(Collected data)
──────

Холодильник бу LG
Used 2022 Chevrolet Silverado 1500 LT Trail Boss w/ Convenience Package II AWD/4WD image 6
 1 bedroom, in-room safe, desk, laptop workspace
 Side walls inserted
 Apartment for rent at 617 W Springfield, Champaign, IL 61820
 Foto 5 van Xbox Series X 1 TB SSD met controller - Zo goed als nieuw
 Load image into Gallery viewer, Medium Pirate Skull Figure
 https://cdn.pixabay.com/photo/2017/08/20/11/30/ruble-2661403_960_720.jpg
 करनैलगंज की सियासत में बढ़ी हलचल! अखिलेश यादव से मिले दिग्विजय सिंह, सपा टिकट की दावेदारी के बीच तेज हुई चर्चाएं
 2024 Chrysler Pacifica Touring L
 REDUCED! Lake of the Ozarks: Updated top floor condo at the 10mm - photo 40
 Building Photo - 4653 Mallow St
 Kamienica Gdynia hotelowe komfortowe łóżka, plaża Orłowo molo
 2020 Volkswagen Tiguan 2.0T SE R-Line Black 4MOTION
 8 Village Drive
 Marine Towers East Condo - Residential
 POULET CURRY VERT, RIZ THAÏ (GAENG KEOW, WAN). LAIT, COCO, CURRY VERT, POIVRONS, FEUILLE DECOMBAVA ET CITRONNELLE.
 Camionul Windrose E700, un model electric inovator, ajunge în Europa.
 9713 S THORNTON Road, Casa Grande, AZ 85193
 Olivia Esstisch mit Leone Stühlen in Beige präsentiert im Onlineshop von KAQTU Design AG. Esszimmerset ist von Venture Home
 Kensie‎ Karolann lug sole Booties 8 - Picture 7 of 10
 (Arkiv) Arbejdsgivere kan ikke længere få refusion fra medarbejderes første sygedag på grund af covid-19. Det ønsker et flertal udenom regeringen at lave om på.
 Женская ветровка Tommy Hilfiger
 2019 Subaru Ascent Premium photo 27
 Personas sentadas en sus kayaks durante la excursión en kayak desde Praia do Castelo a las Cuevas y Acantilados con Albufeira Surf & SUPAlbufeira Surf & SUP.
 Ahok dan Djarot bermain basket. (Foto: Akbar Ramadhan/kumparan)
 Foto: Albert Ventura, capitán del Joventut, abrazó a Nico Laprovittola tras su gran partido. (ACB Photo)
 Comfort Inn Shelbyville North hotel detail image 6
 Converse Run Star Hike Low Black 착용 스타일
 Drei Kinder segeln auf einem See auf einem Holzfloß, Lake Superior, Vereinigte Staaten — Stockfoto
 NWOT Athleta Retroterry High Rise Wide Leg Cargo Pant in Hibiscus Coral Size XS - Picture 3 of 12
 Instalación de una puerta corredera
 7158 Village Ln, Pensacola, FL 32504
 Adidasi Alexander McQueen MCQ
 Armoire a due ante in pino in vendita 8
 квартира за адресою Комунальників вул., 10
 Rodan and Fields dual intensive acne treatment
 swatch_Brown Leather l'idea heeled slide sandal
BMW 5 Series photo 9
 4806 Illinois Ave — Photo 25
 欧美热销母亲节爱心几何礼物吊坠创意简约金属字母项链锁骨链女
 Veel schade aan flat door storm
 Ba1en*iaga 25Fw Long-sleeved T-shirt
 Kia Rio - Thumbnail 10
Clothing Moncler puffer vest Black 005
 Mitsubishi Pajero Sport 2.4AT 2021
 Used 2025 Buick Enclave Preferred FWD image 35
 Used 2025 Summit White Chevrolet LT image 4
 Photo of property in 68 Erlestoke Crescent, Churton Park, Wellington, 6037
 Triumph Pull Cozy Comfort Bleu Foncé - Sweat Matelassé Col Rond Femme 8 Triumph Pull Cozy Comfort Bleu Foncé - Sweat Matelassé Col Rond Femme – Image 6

──────

■ Work instructions: Return only the part of the records above that opens with the line containing "квартира за адресою Комунальників вул., 10" and closes with the line containing "Used 2025 Buick", ends included.

■ Solution to the problem:
 квартира за адресою Комунальників вул., 10
 Rodan and Fields dual intensive acne treatment
 swatch_Brown Leather l'idea heeled slide sandal
BMW 5 Series photo 9
 4806 Illinois Ave — Photo 25
 欧美热销母亲节爱心几何礼物吊坠创意简约金属字母项链锁骨链女
 Veel schade aan flat door storm
 Ba1en*iaga 25Fw Long-sleeved T-shirt
 Kia Rio - Thumbnail 10
Clothing Moncler puffer vest Black 005
 Mitsubishi Pajero Sport 2.4AT 2021
 Used 2025 Buick Enclave Preferred FWD image 35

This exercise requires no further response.